GG_jr · May 29, 2018, 7:09pm

Hi @MrE,

There were some issues with this delay in the past but were solved.
Maybe these posts will help:

System shutdown UI
Long time to shutdown
System hangs during shutdown

MrE · May 29, 2018, 7:26pm

Thanks for the posts @GG_jr

I’m testing what I learn with all your help. And yes:

MariaDB takes 300 seconds for the system to stop.
Proxmox needs to know about this time to wait for the VM to shutdown.

In Proxmox, I need to edit the vm’s options, now Promox can:

wait 4 minutes to start the vm after a reboot.
wait 5 minutes and if the vm is down, so proxmox can reboot/shutdown

But the problem remains, after rebooting proxmox, the NS vm just don’t start correctly. I can’t access the dashboard, I can’t ssh from my own pc, but I can using a proxmox console, the messages log show this:

I wonder why the NS vm starts with a wrong time after a shutdown. 19:12

GG_jr · May 29, 2018, 7:44pm

Can you power up another VM with 8GB RAM from the beginning?

MrE · May 29, 2018, 8:44pm

I don’t have another, but I can setup one:
nethserver? or anything like a windows or desktop Linux?

#1: The @GG_jr comments, make wonder about promox/NS issues when ballooning/RAM is used.
Next try will be: shutdown the vm + reboot proxmox; the vm with the 8GB (with ballooning disabled)
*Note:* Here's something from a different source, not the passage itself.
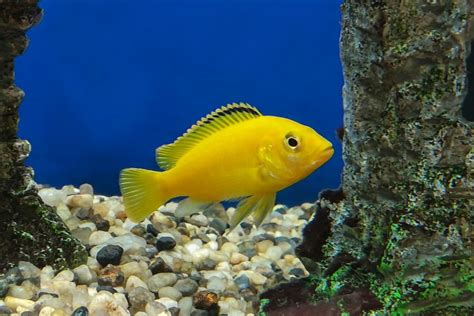 Yellow Lab Cichlid: Size, Gender, Tank Mates & More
Result: After a restart of proxmox, all the services are up and working!

#2: Now I shut down all (Proxmox and vm) for a cold start.
Result: Success! Using this settings the NS vm starts fine:

I was thinking to re-test using ballooning and 8GB; but this definition is a good advice too:

Insanity: doing the same thing over and over again and expecting different results.

MrE · May 29, 2018, 10:08pm

Last test: shutdown NS then restart.
“All is working” but I got this message on “Management - User and groups” (Account)

AccountProvider_Error_82

Days ago I got the same error, after some hours running the issue fixes “by itself”. Maybe, there is something lagging on the databases?

Either way, this scares me:

Regards

MrE · May 29, 2018, 10:23pm

Question:
Exists some command to re-read the data (users and groups) so all is showed again on the dashboard?

To not need to wait and undetermined amount of time.